Religion As Corrosive

By The Daily Dish
Jul 20 2009, 1:44 AM ET

by Patrick Appel

A reader somewhat answers the last reader's point:

I think the unfortunate thing about the Dish's coverage on this issue is that you've failed to represent Dennett's (or other "grating" atheists') full arguments justifying their combative approach to religion. Personally, I'm a "grating" atheist because of two deep concerns about the influence of religion in general (i.e., religion as a concept).
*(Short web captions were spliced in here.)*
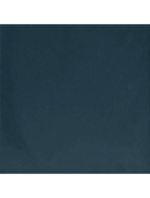 4D PLAIN DEEP BLUE dekorasyon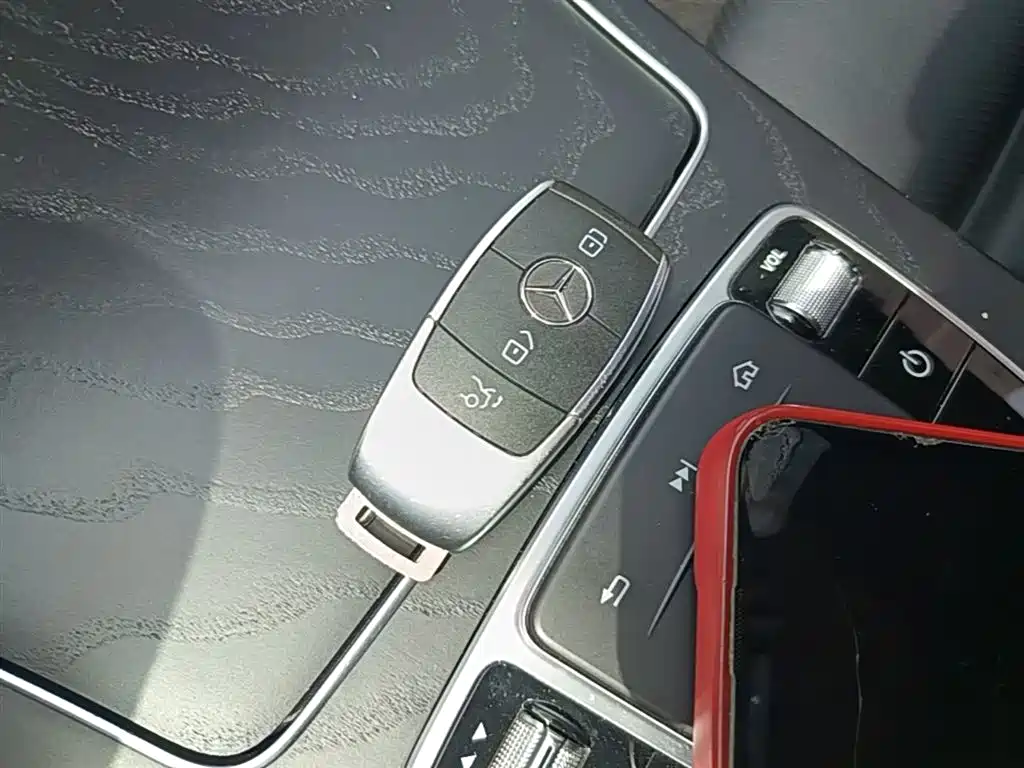 Mercedes-Benz C-Class 2020 facelift C 200 L stylish sports version купить на сайте DeffCars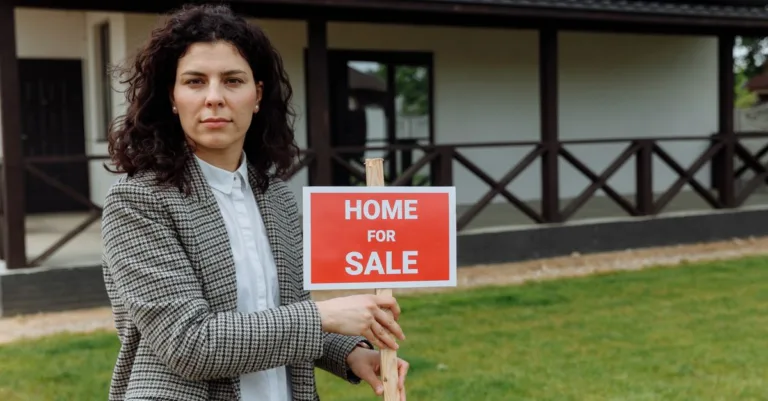 agence immobilière spécialisée dans la vente, l'achat et la location de biens immobiliers. trouvez votre maison ou appartement idéal avec notre équipe d'experts.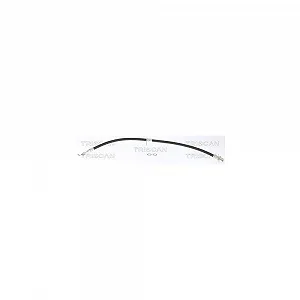 Тормозной шланг TRISCAN 8150 13144 для TOYOTA, передний мост справа - Фото 1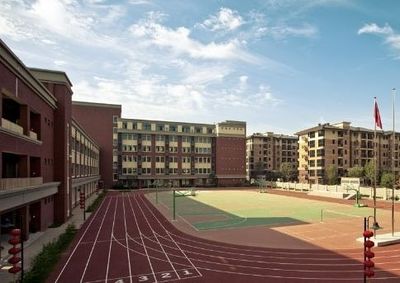 武昌打造八大学区缩小校际差距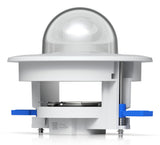 Ubiquiti UACC-G5-Dome-Ultra-FM-W Montering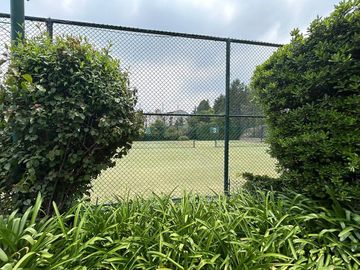 VENTA DEPARTAMENTO FRONDOSO COUNTRY CLUB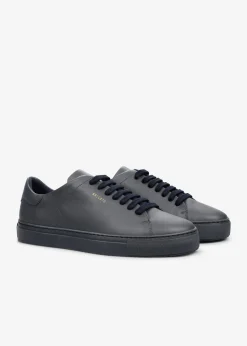 Clean 90 Sneaker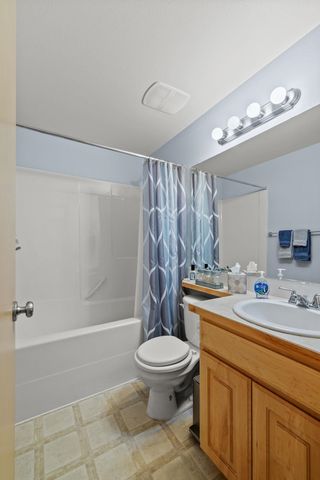 9604 W 72nd Ave, Cheney, WA 99004
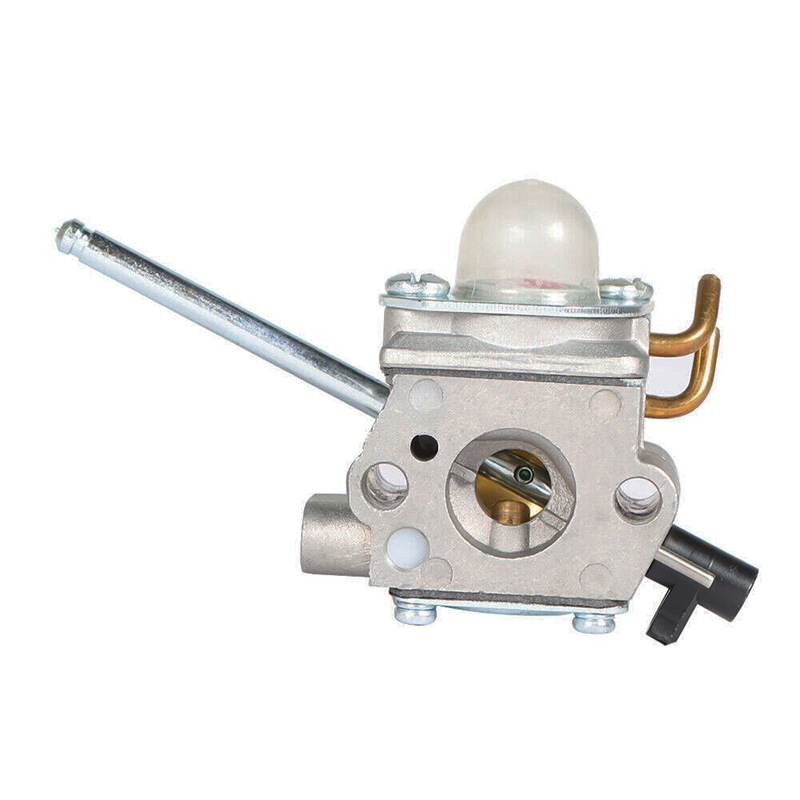 Vergaser Passend Für Ut-08520 Ut-08921 Ut-08550 Ut-08951 26cc Gebläse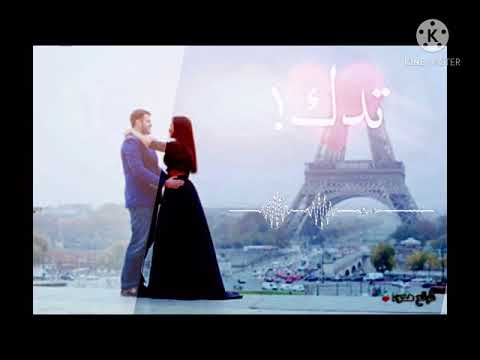 فيصل عبدالكريم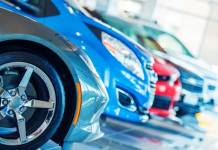 Skuteczne sposoby na szybką sprzedaż używanego samochodu Skuteczne sposoby na szybką sprzedaż używanego samochodu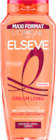 80% DE REMISE IMMÉDIATE SUR LA GAMME ELSEVE - ELSEVE - Auchan Supermarché 80% DE REMISE IMMÉDIATE SUR LA GAMME ELSEVE - ELSEVE dans le catalogue Auchan Supermarché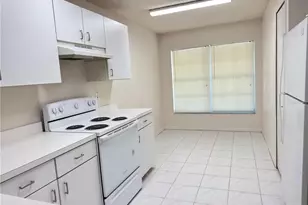 3827 Doune Way, Clermont, FL 34711 - Photo 4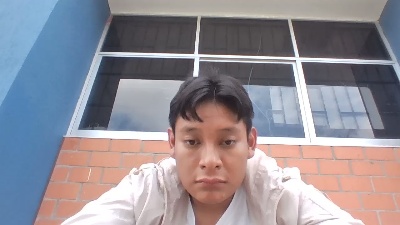 LEDRIXS0 live cam on Cam4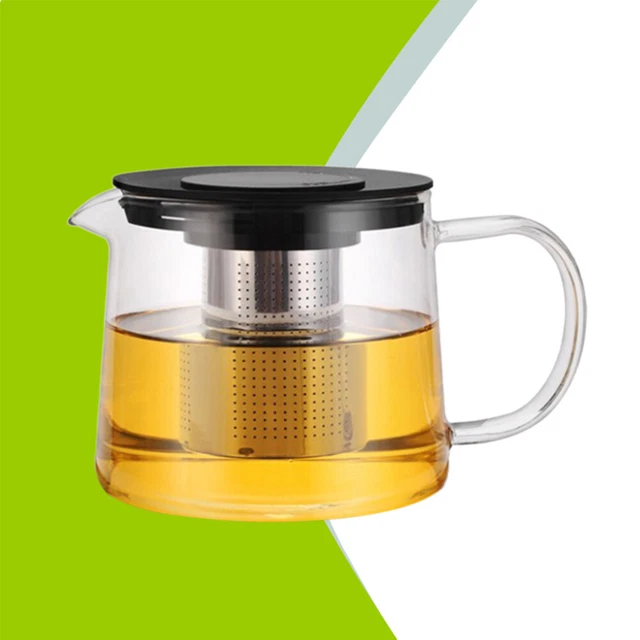 6 Bicchieri Amaro In Vetro Borosilicato Con Design Teschio - Doppia Parete, 25ML, Per Cocktail - Foto 3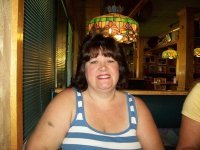 Jacquelyn Krage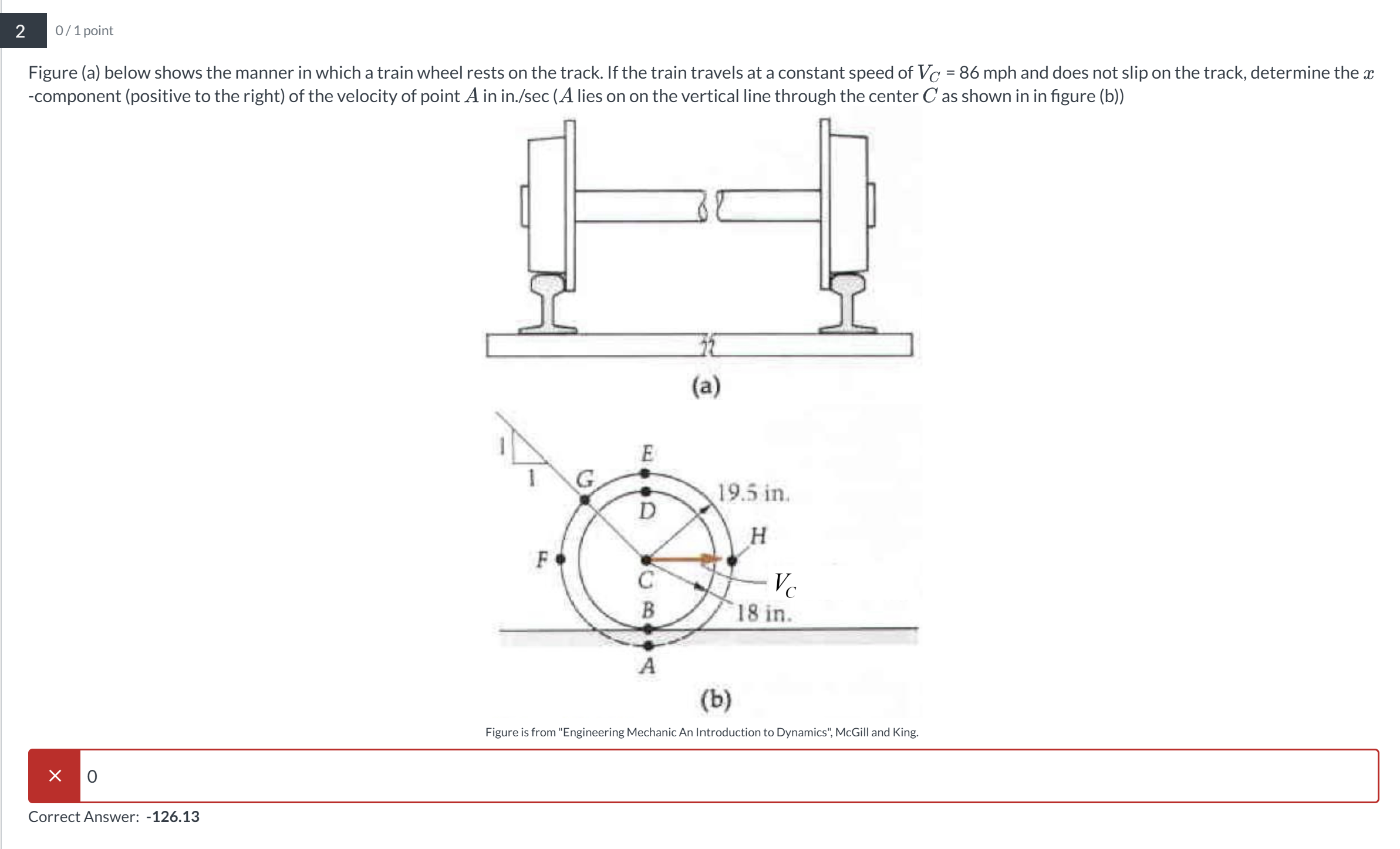 * * * I need help in understanding how to get the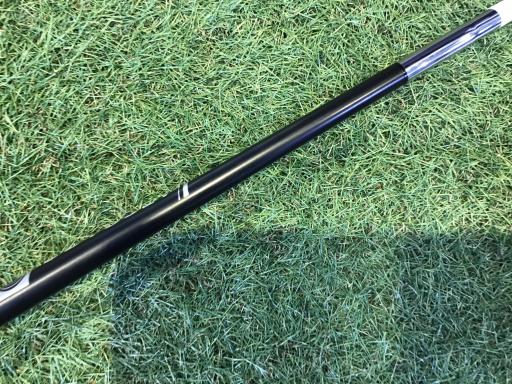 sqhokd@sq`bj@cntakd@vhcd@eknv@RRC`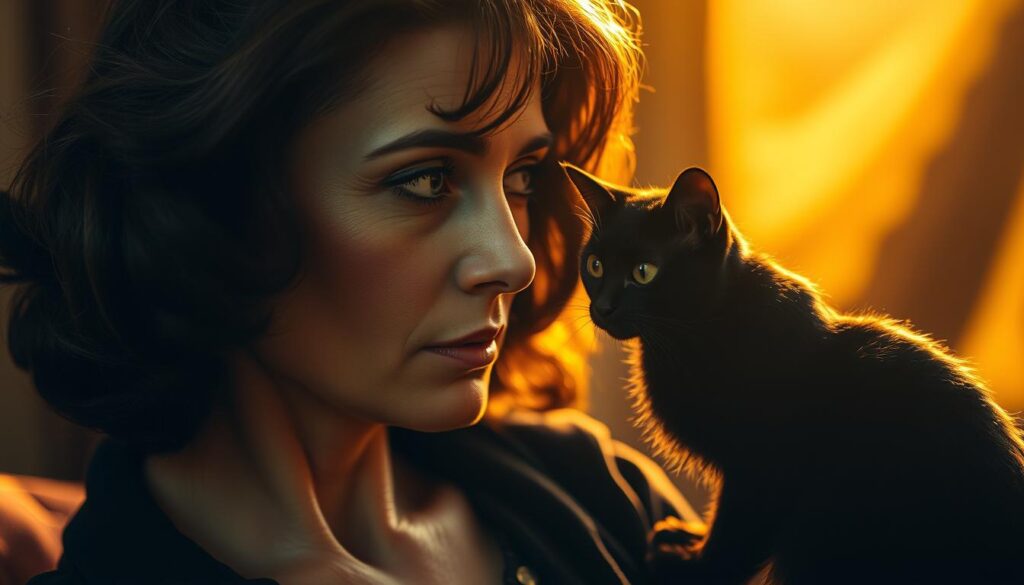 Dora Maar au Chat Dora Maar au Chat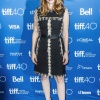 jessica_0053.jpg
First, the vast majority of religious people inculcate (or to put it another way, brainwash) their intellectually defenseless children with their own beliefs, demanding that the little ones believe these often ridiculous things to be true with no logical or empirical evidence, which I am convinced undermines children's development of logic and critical thinking.



Secondly, and more concretely, religion is the most pernicious cudgel influencing policy.  Because religious beliefs (e.g., homosexuality is bad) are not held on account of logic or evidence (and perhaps also because of the way religion has influenced adherents' critical thinking skills), it is impossible for us to argue against them, yet their consequences affect us all.  Religion warps the policy sphere by determining how people vote and shaping the media dialogue, since a great number if not the majority of sincerely religious people seem openly unwilling to concede that their own supernatural beliefs should not be imposed upon the electorate in general.  The marriage equality debate is a perfect example of this, since all non-religious arguments (i.e., the ones not revolving around the word "sacred,") that I have heard against it are thoroughly specious.  We can also reference the nakedly religion-based support for the Bush administration displayed by huge numbers of the Republican base, and ongoing local school board revolutions intended to place ill-disguised creationist dogma into the public school science curriculum.  Meanwhile, pandering to the religious crowd in policy debate merely reinforces their own biases (and reasserts their entitlement to a national audience) and hence does not usually result in any constructive compromise.

Thus, it is not merely that we atheists disapprove of people being religious because we like to chide them for not yet discarding that "crutch"...  it's that we feel the violent political force of religion shaping our laws and leadership on a daily basis, while a new legion of young zealots is being indoctrinated with every generation.

This is an important point, but, in my opinion, whether religion is a net good or bad is much less obvious than this reader believes.